== Exercise goal ==
Please repeat the data exactly. Any picture in it stays out.

== Data below ==
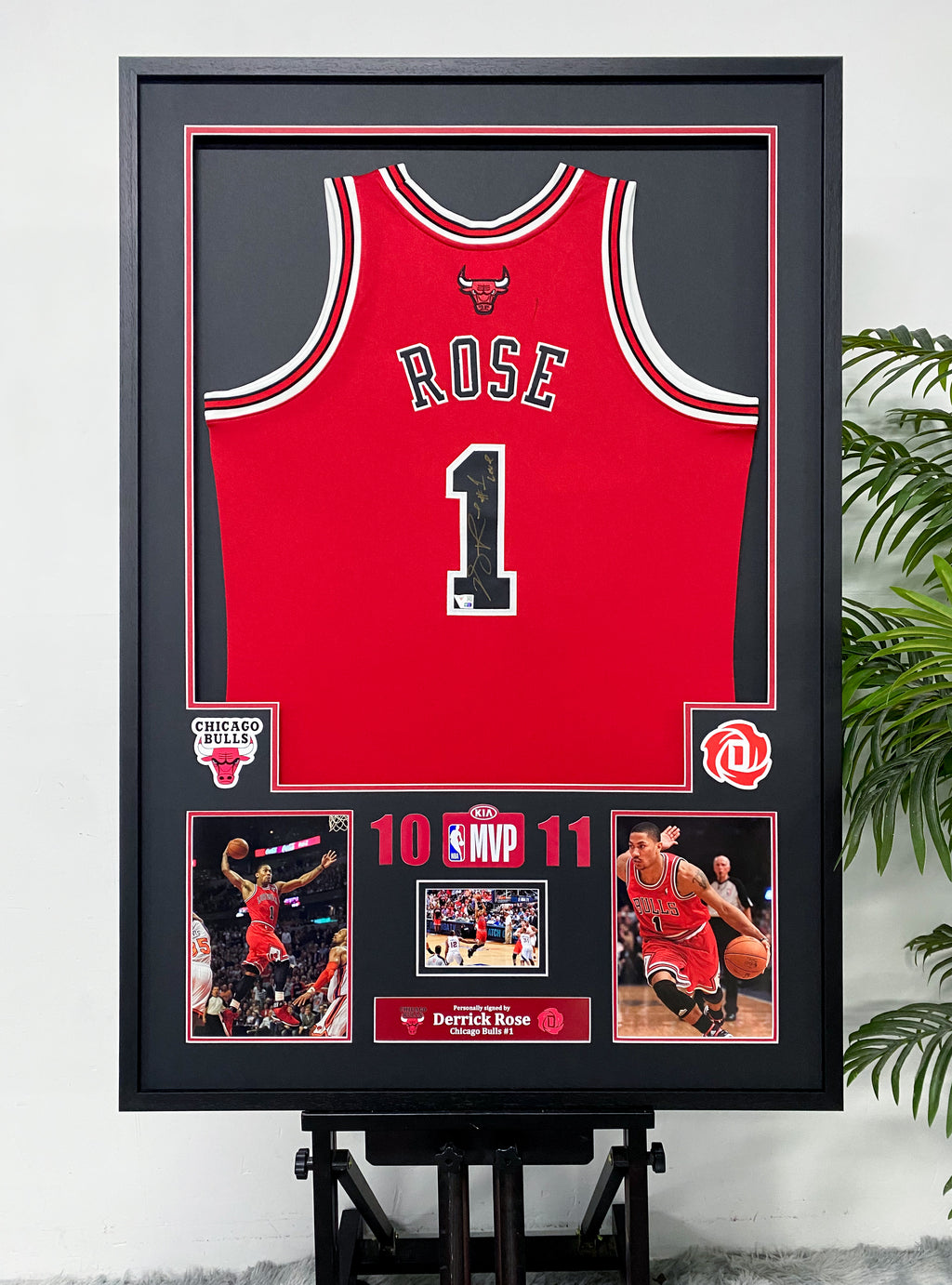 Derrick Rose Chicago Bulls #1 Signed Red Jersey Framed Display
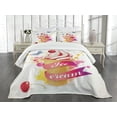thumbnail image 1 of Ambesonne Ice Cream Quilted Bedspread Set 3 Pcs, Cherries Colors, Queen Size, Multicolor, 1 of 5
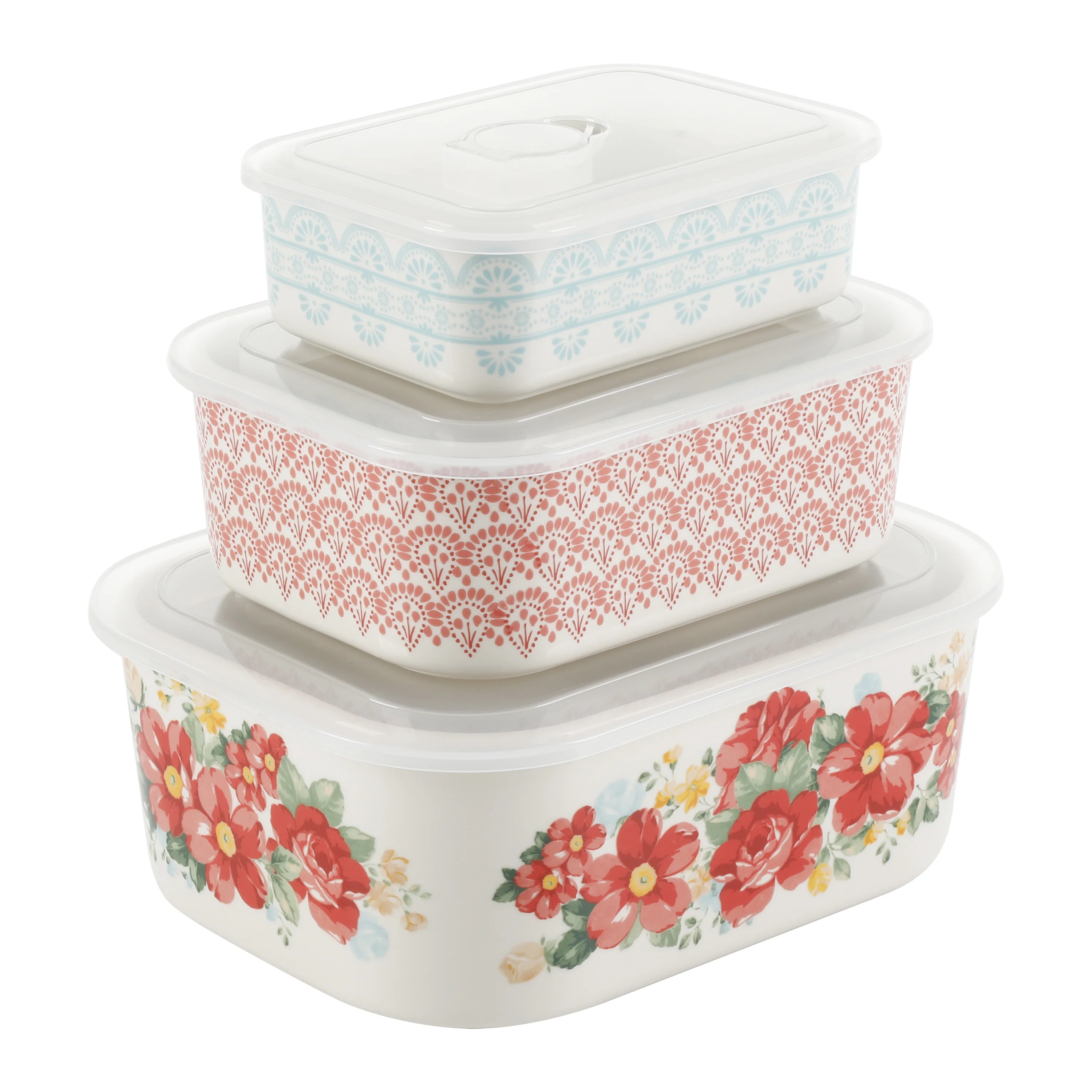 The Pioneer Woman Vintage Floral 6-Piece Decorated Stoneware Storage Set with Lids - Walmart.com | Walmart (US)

== Expected output ==
 Derrick Rose Chicago Bulls #1 Signed Red Jersey Framed Display
thumbnail image 1 of Ambesonne Ice Cream Quilted Bedspread Set 3 Pcs, Cherries Colors, Queen Size, Multicolor, 1 of 5
 The Pioneer Woman Vintage Floral 6-Piece Decorated Stoneware Storage Set with Lids - Walmart.com | Walmart (US)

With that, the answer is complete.